Data section
%%

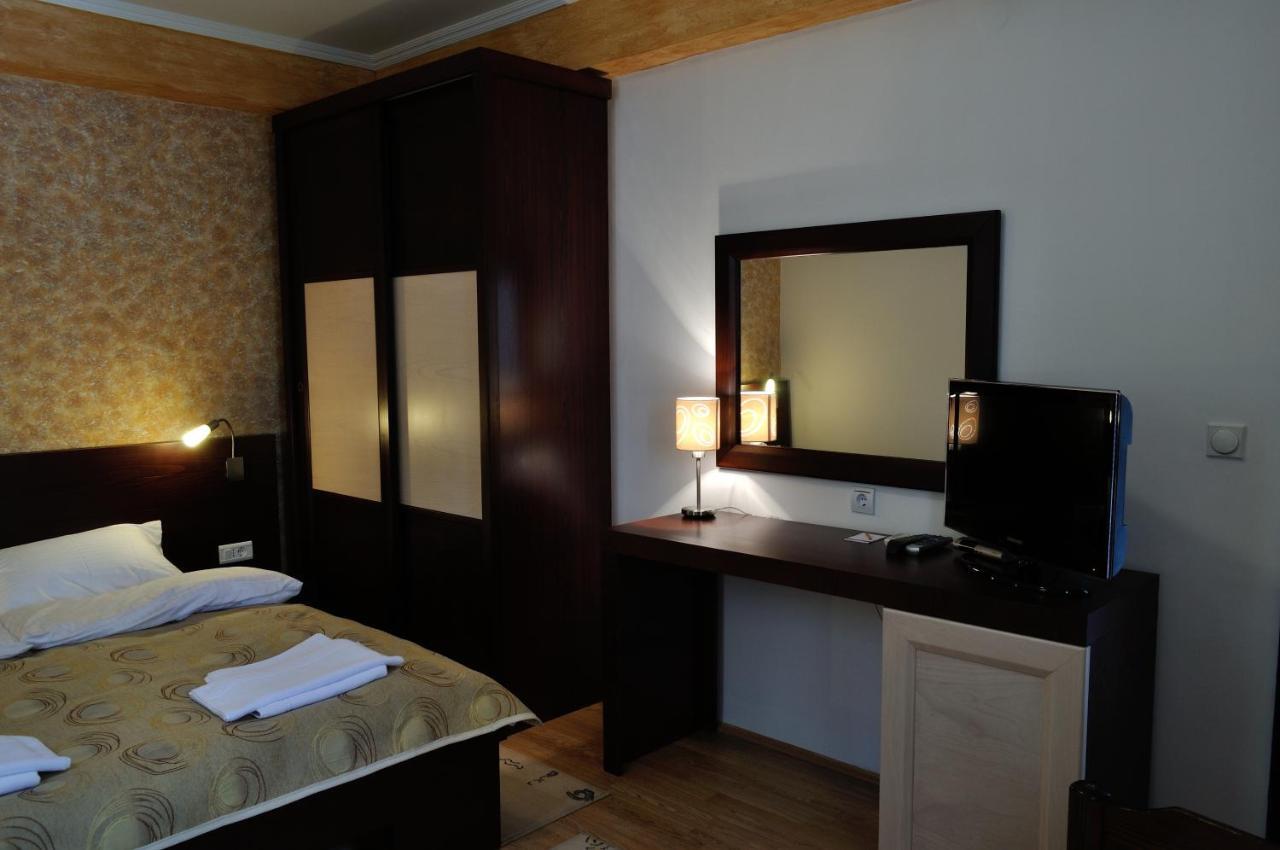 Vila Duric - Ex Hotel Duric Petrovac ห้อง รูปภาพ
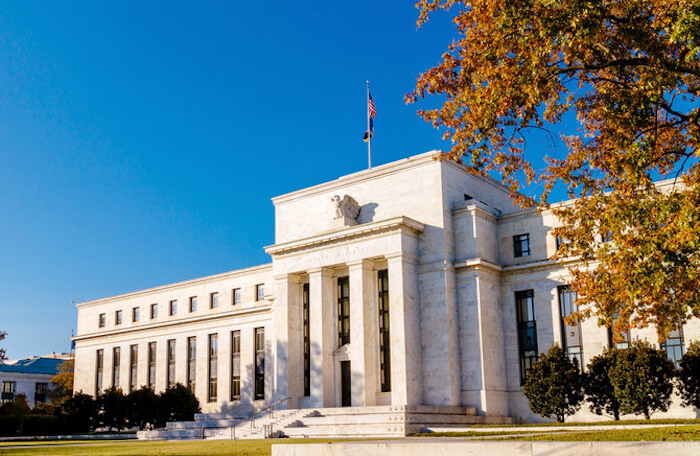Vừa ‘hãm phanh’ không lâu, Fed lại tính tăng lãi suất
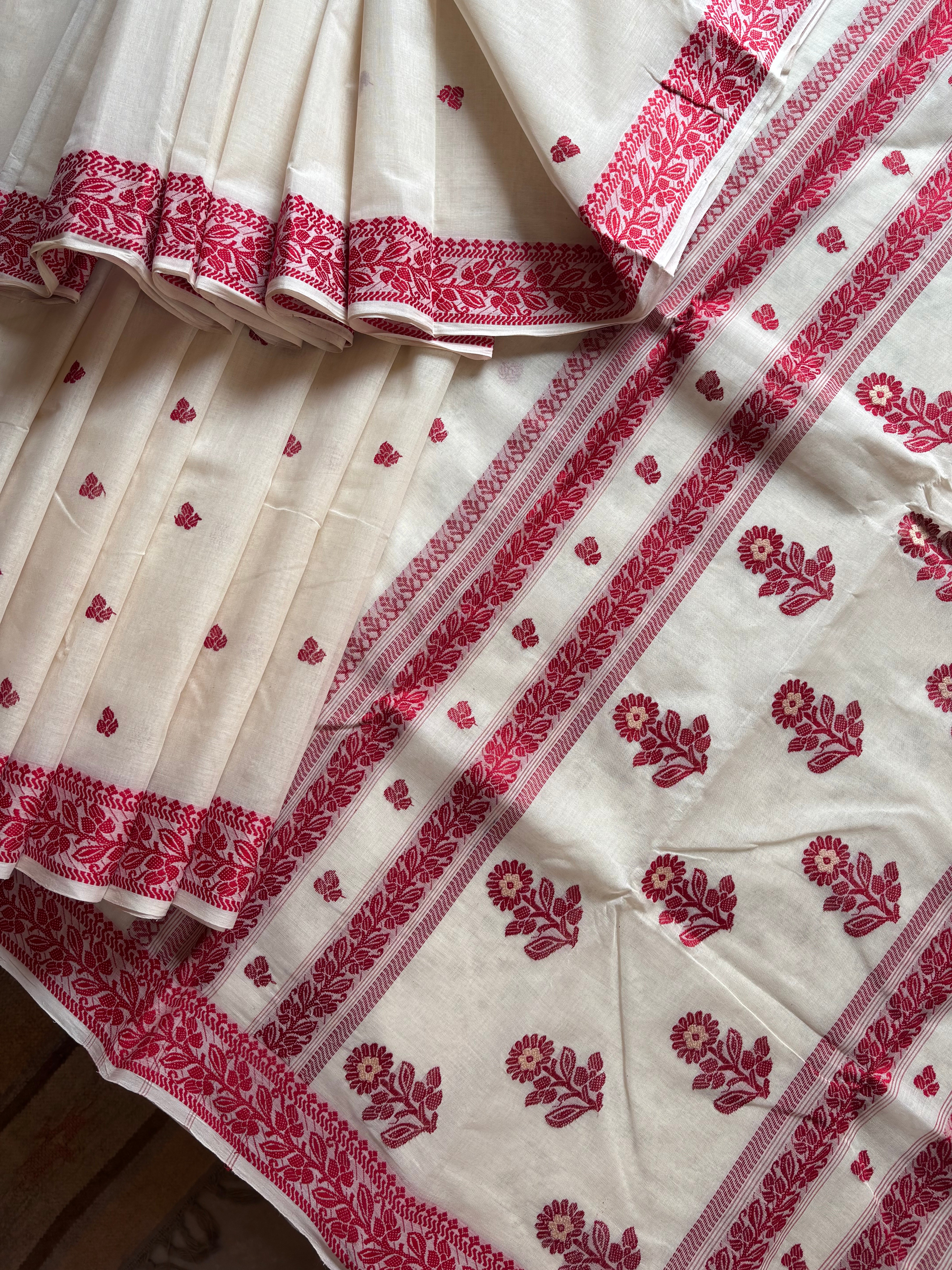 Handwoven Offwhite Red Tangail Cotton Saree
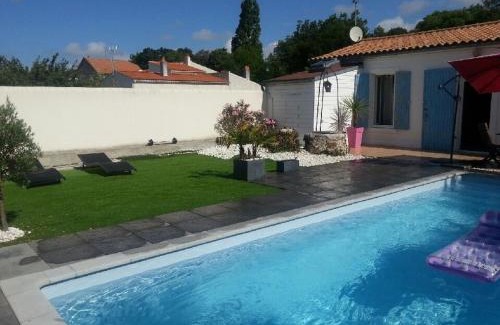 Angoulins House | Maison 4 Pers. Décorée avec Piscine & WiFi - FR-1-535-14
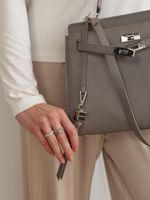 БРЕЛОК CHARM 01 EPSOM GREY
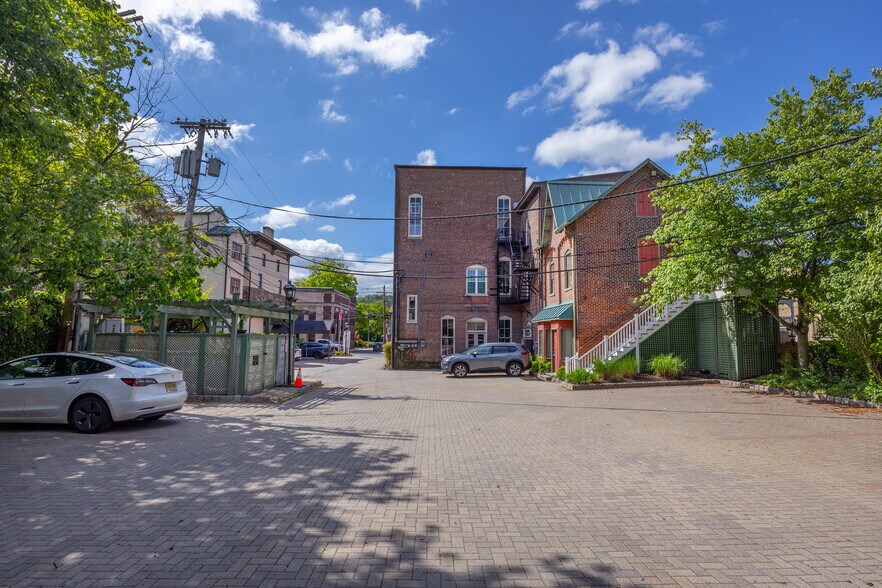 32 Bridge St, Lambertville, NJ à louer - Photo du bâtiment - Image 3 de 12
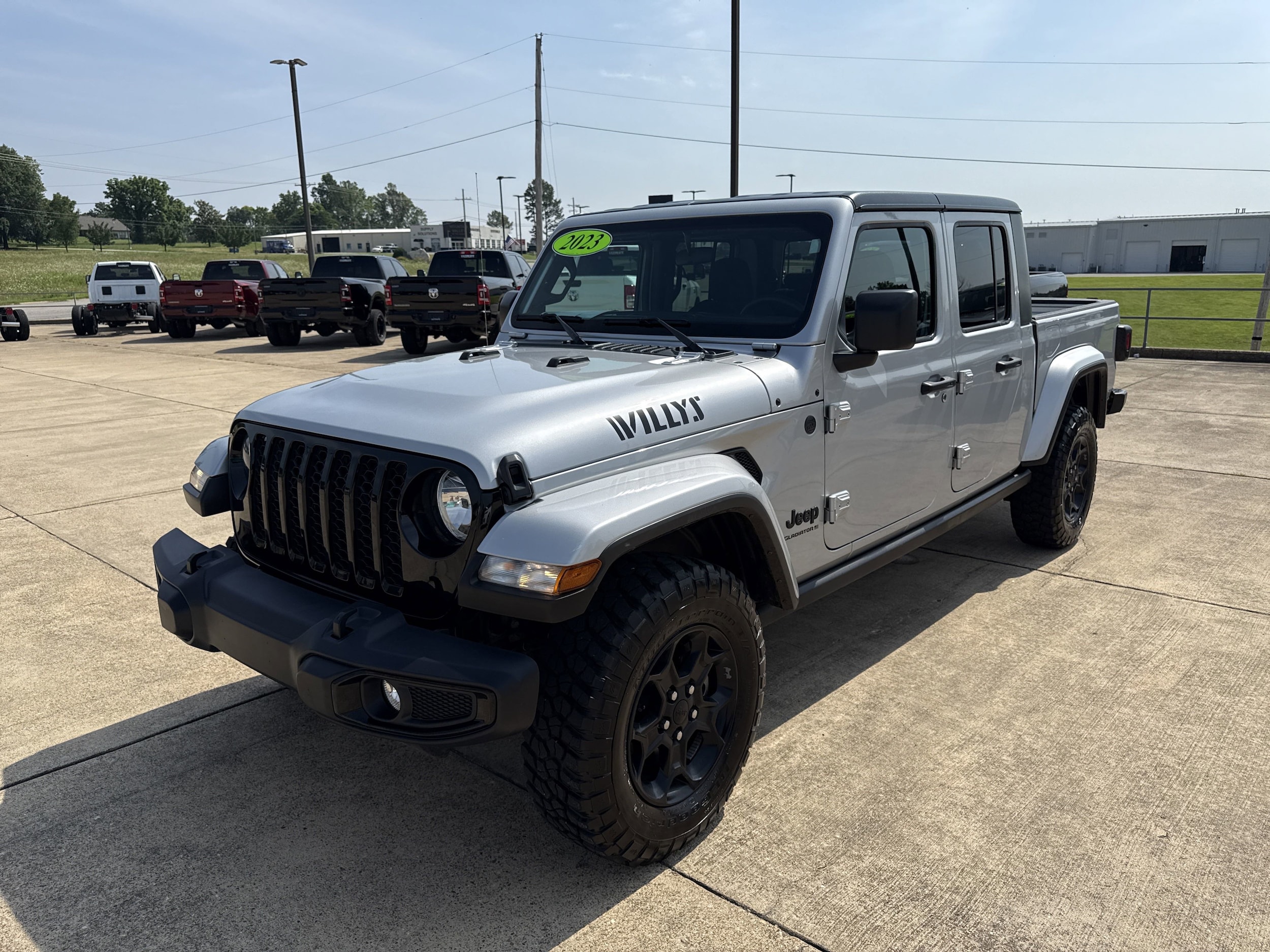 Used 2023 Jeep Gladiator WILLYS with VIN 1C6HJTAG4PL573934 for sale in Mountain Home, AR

%%
%%

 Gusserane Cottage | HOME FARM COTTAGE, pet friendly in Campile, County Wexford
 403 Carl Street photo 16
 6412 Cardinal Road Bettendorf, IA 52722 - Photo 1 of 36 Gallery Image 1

%%
%%

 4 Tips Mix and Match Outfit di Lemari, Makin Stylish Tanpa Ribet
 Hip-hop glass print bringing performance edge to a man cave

%%

Problem
Going by the data above, the answer is exactly the lines from the one holding "Vila Duric - Ex" to the one holding "Used 2023 Jeep", both kept, with the pictures left out.

Task response
 Vila Duric - Ex Hotel Duric Petrovac ห้อง รูปภาพ
Vừa ‘hãm phanh’ không lâu, Fed lại tính tăng lãi suất
 Handwoven Offwhite Red Tangail Cotton Saree
 Angoulins House | Maison 4 Pers. Décorée avec Piscine & WiFi - FR-1-535-14
 БРЕЛОК CHARM 01 EPSOM GREY
 32 Bridge St, Lambertville, NJ à louer - Photo du bâtiment - Image 3 de 12
 Used 2023 Jeep Gladiator WILLYS with VIN 1C6HJTAG4PL573934 for sale in Mountain Home, AR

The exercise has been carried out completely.